◆ What you need to do:
Excluding pictures, what does the listing below contain from the line with "We have to draw" up to and including the line with "Five wave-like arches, at", word for word?

◆ Source material:
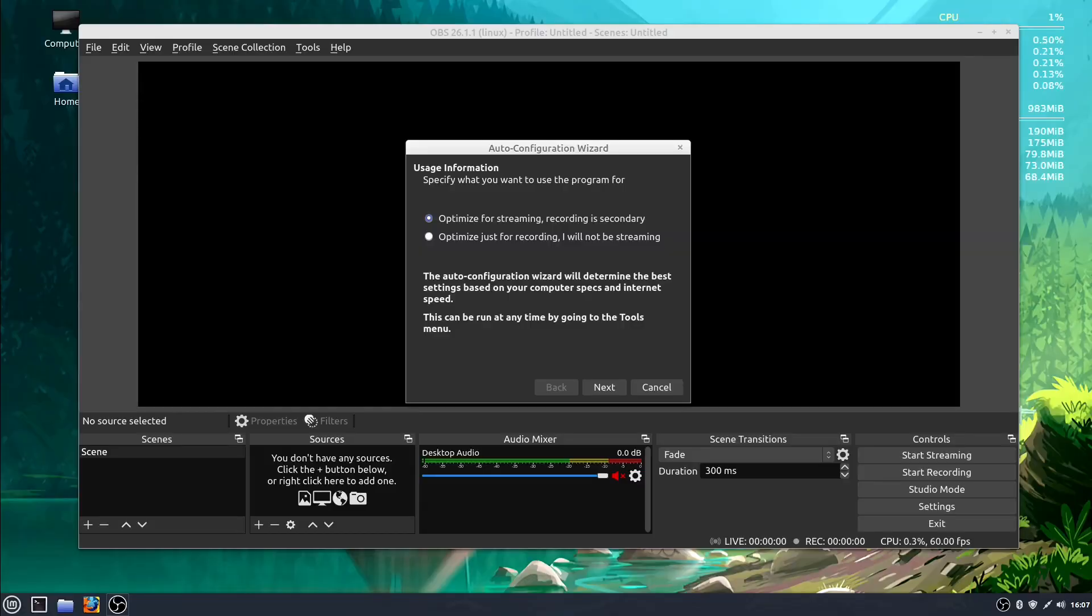Welcome back to another OBS tutorial. In this video, we're going to be exploring the user interface and getting familiar with some of the different tools and options that we have in OBS.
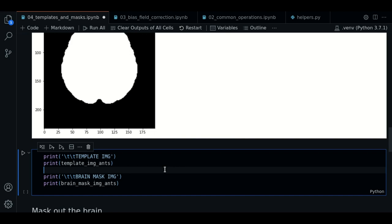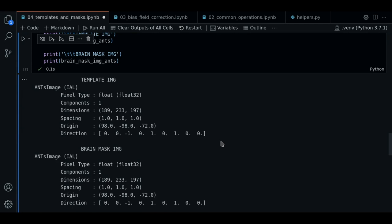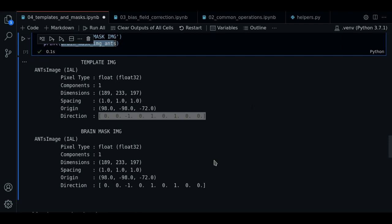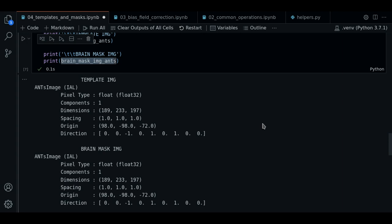So now let's compare the information of the template and the mask. Here we have the basic information of both images. We can see that some items such as the dimensions are the same. The spacing is the same too, also the origin, and the same for the direction. This is a common feature of masks. They share the information of the original image.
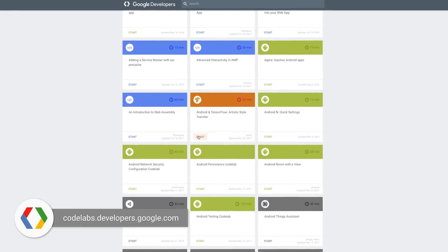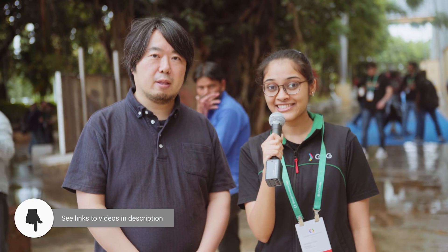Thanks a lot, Kaz, for joining us today. Thank you, folks. Thank you.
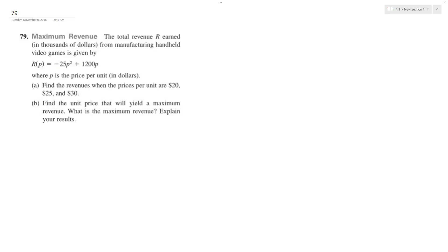All right, so we want to find the maximum revenue. This is a manufacturing handheld video game, so the revenue is by the given equation.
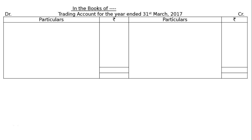We have to draw the trading account. All items shown in this question will be recorded in the trading account except freight outwards, because freight outwards will be shown on the debit side of the profit and loss account as it is an office expenditure.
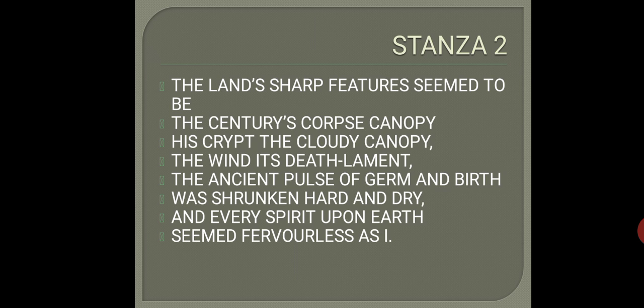Corpse means dead body, and this corpse is of the 19th century. He means to say that as the poem was written on the 29th of December — that is almost the end of the 19th century — he is talking about the death of the 19th century. The 19th century is dead and its dead body is ready to be buried, and the land's sharp features seem to be the features of that dead body.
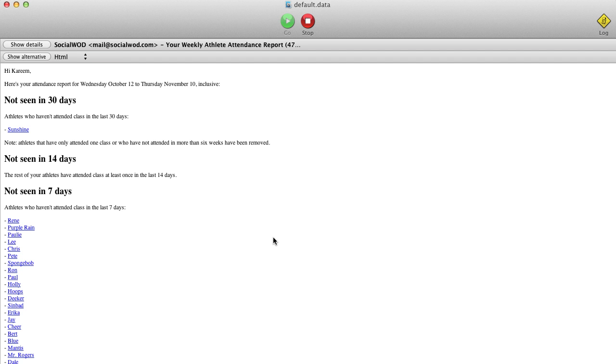It shows you athletes who haven't attended class in the last 30 days, 14 days, and 7 days. We get this information because we make the assumption that if an athlete appears on your whiteboard, then they attended class.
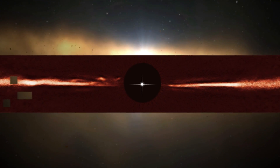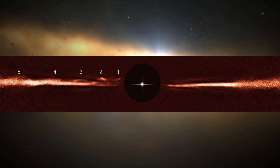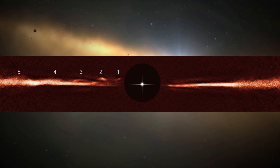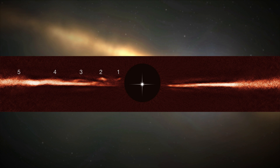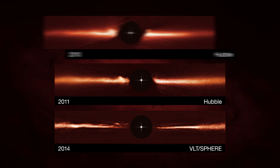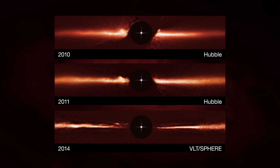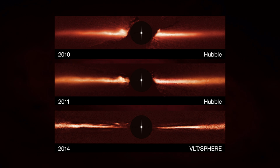Five wave-like arches, at different distances from the star, showed up in the new image. Astronomers compared the SPHERE data with images of the disk taken by Hubble in 2010 and 2011. The comparison showed that these ripples were moving, and moving very fast.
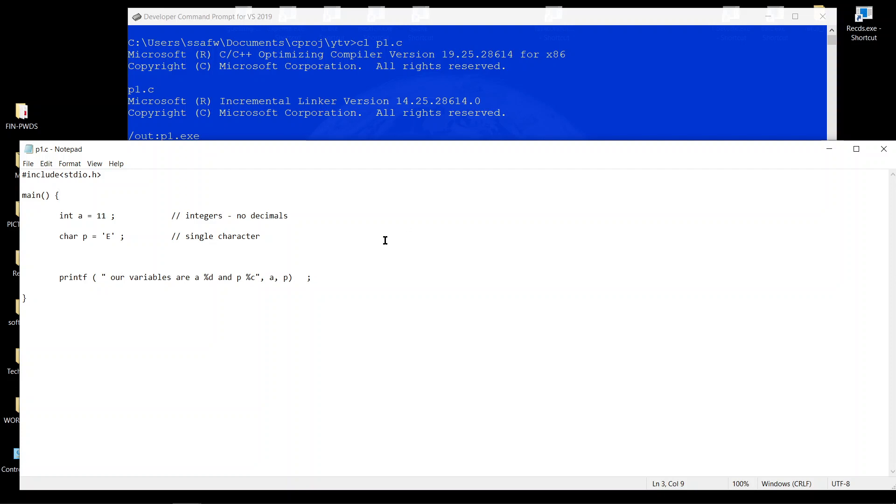So in this video we'll talk about decimal numbers. We've already talked about integers, numbers without decimals.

◆ Reply to the task:
We have to draw the trading account. All items shown in this question will be recorded in the trading account except freight outwards, because freight outwards will be shown on the debit side of the profit and loss account as it is an office expenditure.
Corpse means dead body, and this corpse is of the 19th century. He means to say that as the poem was written on the 29th of December — that is almost the end of the 19th century — he is talking about the death of the 19th century. The 19th century is dead and its dead body is ready to be buried, and the land's sharp features seem to be the features of that dead body.
It shows you athletes who haven't attended class in the last 30 days, 14 days, and 7 days. We get this information because we make the assumption that if an athlete appears on your whiteboard, then they attended class.
Five wave-like arches, at different distances from the star, showed up in the new image. Astronomers compared the SPHERE data with images of the disk taken by Hubble in 2010 and 2011. The comparison showed that these ripples were moving, and moving very fast.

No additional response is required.